Rien de 1929 et de l’URSS : les intérieurs modestes évoquent la fin des années soixante, quand les costumes d’Isabelle Deffin échappent à toute datation. « La langue française […] interdisait de reconstituer la Russie. Par ailleurs, l’histoire ne pouvait pas se dérouler en 2019, mais pas non plus dans les années vingt-trente : cela m’aurait obligé à une sorte de reconstitution historique que je juge artificielle au théâtre », affirme Pommerat (brochure de salle), dont nos colonnes saluèrent les précédentes collaborations lyriques – Pinocchio de Philippe Boesmans et, surtout, Thanks to my eyes d’Oscar Bianchi [lire nos chroniques du 9 juillet 2017 et du 8 juillet 2011]. Dans l’appartement du bas, la Femme étrangle la Jeune Fille, sur un impressionnant tintamarre de cloches de diverses natures. La deuxième scène installe la chronologie du drame – ce qui eut lieu avant d’en arriver là –, via le récit d’un Narrateur à sa table, comme s’il l’écrivait, comme s’il le lisait, comme s’il s’en souvenait, on ne sait pas ; il se révèle plus tard être un Policier. Une femme silencieuse, « presque muette », dit-il, et son homme qui « comble sa vie de travail, du matin au soir ». Une transition musicale drument répétitive s’enfle du danger de la crue d’un fleuve capricieux. La Scène 3 pose le problème du couple : il n’y a pas d’enfant.
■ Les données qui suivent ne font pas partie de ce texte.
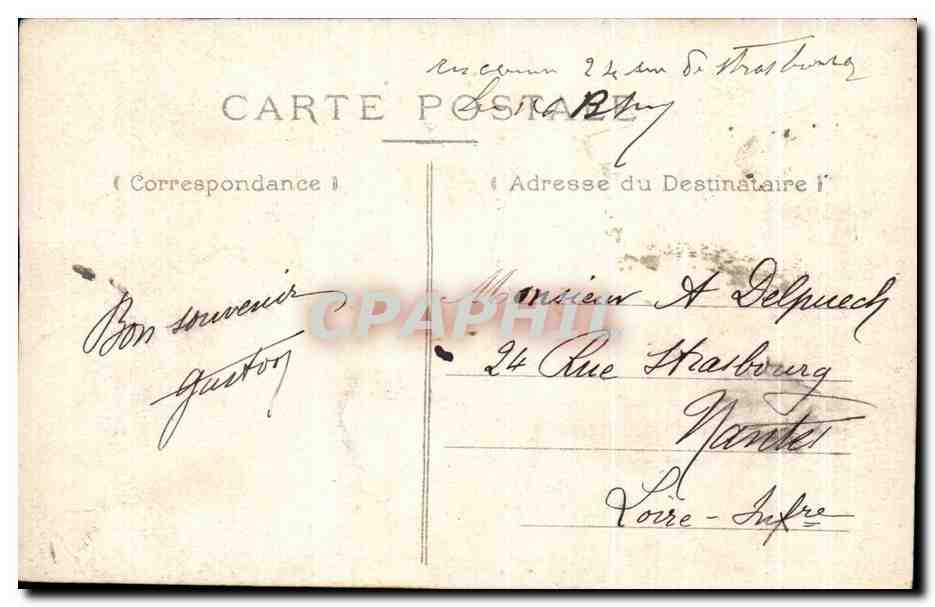Tarjeta postal antigua Saint Malo Los Muros de Defensa La Torre Que Quien En Grogne — Reverso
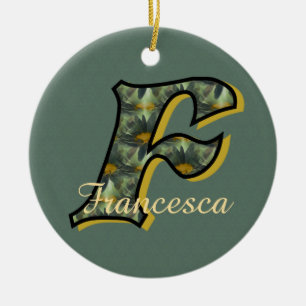 Monogram Initial F Daisies Floral Personalized  Ceramic Tree Decoration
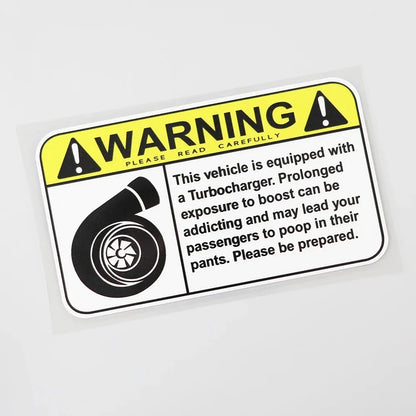 Sticker Funny Warning Sign Turbo Boost Decal Pvc 15.2cm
Déjà l’écriture orchestrale s’est signalée comme volontiers illustrative, avec ses nombreux figuralismes. Pour ce faire, Francesco Filidei enrichit l’instrumentarium d’une armada d’épices : boites à meuh, verres, ressort, pompe et avertisseurs de vélo, coquillages, casserole, couverts de table, papier bulle, carillons à vent, gaines électriques, buzzing bow ou encore jouet couineur. Voilà bien de quoi inviter à l’opéra eau, vent et moteur, mais aussi les états d’âme tus. « L’orchestre prend en charge le macrocosme des éléments, du quartier, de l’immeuble, mais aussi ses effets et ses échos dans la vie intérieure des personnages », précise le compositeur (même source). « L’évocation des sons concrets m’intéresse […]. Cela contribue au réalisme et à la théâtralité tout en restant une création musicale. » Avec la crainte omniprésente de la tempête, le vent fait l’essentiel du traitement sonore, secondé par autant de sirènes à bouche, appeaux et flûtes à coulisse. L’Homme revient toujours plus tard ; peut-être voit-il une autre femme, peut-être va-t-il boire pour oublier le désarroi où le plonge l’inertie d’une usine en fin d’exploitation. Au dernier étage, le père meurt. Le couple recueille l’orpheline, d’abord pour quelques jours, puis comme l’enfant qu’ils n’ont pas. D’un rapprochement sur le mode paternel au moment d’apprendre une leçon d’école sur les mouvements de la marée naît bientôt une attirance d’un autre type entre l’adolescente et le quadragénaire.
Le rôle de la Jeune Fille est joué par une comédienne articulant un playback sur le chant d’un soprano également présent en scène ; ces artistes arborent même vêture, doubles affirmés comme tels, la chanteuse d’abord dans l’ombre de l’actrice, puis, une fois la convention admise, gagnant de plus en plus la lumière. « Je ressentais la nécessité […] de la montrer en décalage avec les adultes. Francesco, lui, ne souhaitait pas une voix d’enfant pour interpréter ce rôle. Il s’avérait donc impossible de confier l’interprétation à une chanteuse : elle n’aurait jamais été assez jeune. Le problème a trouvé sa solution lorsque j’ai considéré ce qu’allait nous apporter le dédoublement du personnage […]. Cette difficulté de départ a ouvert beaucoup de possibilités de mise en scène et même d’écriture », explique Joël Pommerat. Il en résulte plutôt une sorte d’encombrement lisible comme prise en charge de la perception de la réalité par le personnage principale – la Femme, celle du fait-divers –, au point de rendre ambiguë l’affaire : a-t-elle tué ou seulement connu le désir du meurtre, désir qui induirait une aussi grande culpabilité que son accomplissement ? L’aveu à l’hôpital n’éclairant en rien cet aspect nouveau (par rapport à Zamiatine) de l’argument, on estimera l’artifice comme facteur négatif d’une imprécision ou positif d’un questionnement intéressant, selon l’humeur.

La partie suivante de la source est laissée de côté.